By Katdapba Gobum

When the name PUSDUNG was coined through a submission by Peter E. Tungon of blessed memory, except for the Ngas people, not many expected it to change the cultural festival landscape of the state. Many thought it might be staged for a year or two and perhaps go into oblivion. That may be true in certain situations, as cultures and traditions of a people are easily facilitated to disappear when practitioners don’t value them.

That was not to be, for those in that category were hugely disappointed, that it has even outlived some of them. Indeed it was an idea which time was ripe. It changed and brought positive things to the world about the Ngas people; and before long, the bug of cultural festival like a wild fire had been ignited all over the traditional communities of Plateau State.

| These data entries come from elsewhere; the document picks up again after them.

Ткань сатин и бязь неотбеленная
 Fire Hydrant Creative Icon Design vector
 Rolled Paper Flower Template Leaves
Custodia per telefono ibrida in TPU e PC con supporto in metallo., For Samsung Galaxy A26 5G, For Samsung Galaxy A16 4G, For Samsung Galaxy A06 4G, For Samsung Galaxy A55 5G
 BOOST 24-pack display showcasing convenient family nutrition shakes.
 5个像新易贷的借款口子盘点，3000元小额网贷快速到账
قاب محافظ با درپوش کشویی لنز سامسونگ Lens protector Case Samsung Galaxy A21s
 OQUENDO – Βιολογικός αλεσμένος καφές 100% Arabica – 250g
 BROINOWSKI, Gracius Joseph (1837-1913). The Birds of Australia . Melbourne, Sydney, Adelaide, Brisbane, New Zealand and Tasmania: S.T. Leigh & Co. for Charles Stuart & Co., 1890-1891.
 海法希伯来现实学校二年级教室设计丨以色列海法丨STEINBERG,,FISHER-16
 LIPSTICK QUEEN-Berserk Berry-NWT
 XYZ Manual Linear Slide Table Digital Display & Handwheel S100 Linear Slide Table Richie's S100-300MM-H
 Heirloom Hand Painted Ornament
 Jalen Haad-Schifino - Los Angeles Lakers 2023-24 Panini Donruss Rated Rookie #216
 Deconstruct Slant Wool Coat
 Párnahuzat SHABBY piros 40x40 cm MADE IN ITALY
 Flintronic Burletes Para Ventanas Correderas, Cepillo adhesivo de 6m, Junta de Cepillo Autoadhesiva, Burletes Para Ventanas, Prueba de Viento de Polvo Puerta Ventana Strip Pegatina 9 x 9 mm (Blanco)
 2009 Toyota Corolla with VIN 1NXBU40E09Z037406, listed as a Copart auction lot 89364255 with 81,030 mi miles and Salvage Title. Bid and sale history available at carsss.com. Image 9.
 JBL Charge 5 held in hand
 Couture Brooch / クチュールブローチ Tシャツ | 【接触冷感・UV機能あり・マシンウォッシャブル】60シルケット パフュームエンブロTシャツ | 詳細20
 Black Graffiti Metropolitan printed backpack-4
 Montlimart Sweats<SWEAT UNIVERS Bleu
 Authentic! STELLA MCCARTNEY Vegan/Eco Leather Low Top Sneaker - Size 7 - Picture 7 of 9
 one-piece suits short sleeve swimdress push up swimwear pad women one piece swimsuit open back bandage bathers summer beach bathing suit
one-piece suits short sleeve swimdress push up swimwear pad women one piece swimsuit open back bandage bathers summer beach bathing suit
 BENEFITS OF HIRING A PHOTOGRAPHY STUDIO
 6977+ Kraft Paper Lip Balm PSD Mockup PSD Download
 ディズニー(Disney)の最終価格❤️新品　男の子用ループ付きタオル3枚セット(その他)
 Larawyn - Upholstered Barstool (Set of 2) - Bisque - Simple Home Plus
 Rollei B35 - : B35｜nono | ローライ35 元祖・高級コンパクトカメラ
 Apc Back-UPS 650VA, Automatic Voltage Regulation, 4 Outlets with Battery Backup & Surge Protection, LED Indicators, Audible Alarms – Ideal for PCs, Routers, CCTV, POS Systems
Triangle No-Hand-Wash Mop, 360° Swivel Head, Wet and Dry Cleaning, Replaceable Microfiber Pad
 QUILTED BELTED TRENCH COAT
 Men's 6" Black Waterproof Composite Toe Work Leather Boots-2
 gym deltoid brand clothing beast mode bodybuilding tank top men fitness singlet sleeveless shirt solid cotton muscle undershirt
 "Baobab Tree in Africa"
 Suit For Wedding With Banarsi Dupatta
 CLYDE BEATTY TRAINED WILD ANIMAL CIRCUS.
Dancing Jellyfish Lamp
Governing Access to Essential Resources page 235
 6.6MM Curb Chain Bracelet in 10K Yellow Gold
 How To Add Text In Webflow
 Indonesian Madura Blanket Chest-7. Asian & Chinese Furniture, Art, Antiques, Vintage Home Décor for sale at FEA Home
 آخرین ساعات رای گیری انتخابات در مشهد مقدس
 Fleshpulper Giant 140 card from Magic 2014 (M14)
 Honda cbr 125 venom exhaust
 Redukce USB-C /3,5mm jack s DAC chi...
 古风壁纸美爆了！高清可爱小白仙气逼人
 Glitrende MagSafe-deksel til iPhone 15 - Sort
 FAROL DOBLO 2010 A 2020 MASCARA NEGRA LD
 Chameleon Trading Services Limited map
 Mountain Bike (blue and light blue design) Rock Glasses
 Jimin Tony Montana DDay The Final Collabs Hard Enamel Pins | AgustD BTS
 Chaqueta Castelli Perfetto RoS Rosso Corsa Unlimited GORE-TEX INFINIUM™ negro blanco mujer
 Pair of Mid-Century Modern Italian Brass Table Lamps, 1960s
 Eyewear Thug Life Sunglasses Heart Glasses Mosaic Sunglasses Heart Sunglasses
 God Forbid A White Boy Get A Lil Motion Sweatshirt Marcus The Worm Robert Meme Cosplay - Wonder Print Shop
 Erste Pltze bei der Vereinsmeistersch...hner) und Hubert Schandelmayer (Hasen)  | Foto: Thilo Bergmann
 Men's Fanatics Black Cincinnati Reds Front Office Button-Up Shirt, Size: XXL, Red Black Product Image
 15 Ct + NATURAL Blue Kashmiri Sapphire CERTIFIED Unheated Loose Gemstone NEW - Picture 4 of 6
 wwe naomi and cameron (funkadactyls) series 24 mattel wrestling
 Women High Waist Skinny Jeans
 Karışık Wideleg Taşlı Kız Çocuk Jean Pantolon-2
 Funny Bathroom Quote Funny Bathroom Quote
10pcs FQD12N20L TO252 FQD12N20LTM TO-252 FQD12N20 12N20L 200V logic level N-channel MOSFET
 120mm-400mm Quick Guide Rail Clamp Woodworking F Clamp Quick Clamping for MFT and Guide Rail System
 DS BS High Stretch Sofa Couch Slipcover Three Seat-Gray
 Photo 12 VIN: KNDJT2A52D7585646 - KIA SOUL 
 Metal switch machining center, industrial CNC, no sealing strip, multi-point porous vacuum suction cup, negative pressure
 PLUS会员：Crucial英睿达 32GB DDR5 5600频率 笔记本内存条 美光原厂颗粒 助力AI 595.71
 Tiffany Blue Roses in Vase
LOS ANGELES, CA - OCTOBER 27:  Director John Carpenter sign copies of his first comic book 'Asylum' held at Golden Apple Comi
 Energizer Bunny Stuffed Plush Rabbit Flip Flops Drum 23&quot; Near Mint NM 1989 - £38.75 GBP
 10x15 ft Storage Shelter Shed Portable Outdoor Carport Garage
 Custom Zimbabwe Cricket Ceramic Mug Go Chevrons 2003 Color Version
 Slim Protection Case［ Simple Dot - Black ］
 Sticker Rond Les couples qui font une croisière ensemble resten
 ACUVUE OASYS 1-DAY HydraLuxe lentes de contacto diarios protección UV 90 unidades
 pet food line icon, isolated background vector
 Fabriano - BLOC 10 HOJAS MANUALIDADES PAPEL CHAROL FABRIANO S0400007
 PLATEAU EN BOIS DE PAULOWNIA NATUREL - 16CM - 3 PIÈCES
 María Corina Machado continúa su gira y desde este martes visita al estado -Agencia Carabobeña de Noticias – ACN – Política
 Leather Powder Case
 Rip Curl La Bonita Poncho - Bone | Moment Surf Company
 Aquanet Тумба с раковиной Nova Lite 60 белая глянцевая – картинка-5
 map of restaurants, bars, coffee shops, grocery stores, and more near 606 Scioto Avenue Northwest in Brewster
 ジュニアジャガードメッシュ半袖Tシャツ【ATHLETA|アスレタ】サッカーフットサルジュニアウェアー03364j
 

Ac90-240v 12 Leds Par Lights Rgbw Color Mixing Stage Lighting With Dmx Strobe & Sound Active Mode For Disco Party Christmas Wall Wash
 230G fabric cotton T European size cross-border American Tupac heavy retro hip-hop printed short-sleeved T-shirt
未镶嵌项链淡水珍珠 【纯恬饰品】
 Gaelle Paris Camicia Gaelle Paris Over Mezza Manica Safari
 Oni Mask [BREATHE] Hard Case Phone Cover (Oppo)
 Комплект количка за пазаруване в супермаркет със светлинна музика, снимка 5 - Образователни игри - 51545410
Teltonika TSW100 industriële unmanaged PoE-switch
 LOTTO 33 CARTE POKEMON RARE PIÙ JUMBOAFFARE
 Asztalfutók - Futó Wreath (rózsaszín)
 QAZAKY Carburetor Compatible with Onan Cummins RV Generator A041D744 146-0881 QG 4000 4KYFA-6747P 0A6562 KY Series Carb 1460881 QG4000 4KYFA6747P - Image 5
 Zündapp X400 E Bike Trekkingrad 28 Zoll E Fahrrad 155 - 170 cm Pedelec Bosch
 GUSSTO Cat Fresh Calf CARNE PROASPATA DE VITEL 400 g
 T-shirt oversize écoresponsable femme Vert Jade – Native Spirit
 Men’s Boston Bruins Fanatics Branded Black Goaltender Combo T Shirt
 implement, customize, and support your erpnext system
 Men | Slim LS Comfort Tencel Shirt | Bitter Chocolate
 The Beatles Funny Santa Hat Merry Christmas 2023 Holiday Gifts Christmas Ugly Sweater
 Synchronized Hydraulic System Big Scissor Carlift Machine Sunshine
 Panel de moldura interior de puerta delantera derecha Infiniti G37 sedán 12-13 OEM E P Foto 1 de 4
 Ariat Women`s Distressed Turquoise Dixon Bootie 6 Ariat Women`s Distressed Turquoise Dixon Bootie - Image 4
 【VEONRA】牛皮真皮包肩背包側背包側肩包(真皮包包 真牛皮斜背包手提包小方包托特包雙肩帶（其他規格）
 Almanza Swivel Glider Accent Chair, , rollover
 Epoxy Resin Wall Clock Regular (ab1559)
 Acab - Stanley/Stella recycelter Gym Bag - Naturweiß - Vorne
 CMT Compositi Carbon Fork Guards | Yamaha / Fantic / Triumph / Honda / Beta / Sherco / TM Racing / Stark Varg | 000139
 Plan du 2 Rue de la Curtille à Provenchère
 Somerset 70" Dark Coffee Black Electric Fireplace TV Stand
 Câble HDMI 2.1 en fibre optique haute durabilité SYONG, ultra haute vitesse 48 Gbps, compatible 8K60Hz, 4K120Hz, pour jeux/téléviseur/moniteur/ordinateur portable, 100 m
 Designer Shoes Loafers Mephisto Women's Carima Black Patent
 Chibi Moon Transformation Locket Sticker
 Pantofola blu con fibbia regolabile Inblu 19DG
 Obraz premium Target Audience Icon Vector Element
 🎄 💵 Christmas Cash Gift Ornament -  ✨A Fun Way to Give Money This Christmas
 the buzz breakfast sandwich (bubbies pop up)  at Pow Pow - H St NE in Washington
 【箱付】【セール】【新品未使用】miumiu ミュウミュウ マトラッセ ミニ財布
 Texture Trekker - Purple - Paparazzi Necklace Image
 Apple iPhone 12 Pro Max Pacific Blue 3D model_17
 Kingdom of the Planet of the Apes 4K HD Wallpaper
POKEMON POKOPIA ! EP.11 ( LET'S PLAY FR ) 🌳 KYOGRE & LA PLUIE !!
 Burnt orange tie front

Many who thought so underestimated the thoughts and enthusiasm that gave birth to it; but much more than that, the Ngas people love their culture round and about it. That could be observed in the annual mobilization from the districts and of the friends of the Ngas people across the length and breadth of Nigeria. That could be observed in the ‘home return’ of sons and daughters of Ngasland during Easter for the festival.

It blazed the trail, ‘conscripting’ other tribes on the Plateau to take to the floor on the way; and making many others to go for new dancing boots. But more importantly, apart from the show of love and togetherness that often characterize the festival, tourism became the major beneficiary. It made the authorities of the industry to take a second look at the map so that the industry can benefit as well as the people.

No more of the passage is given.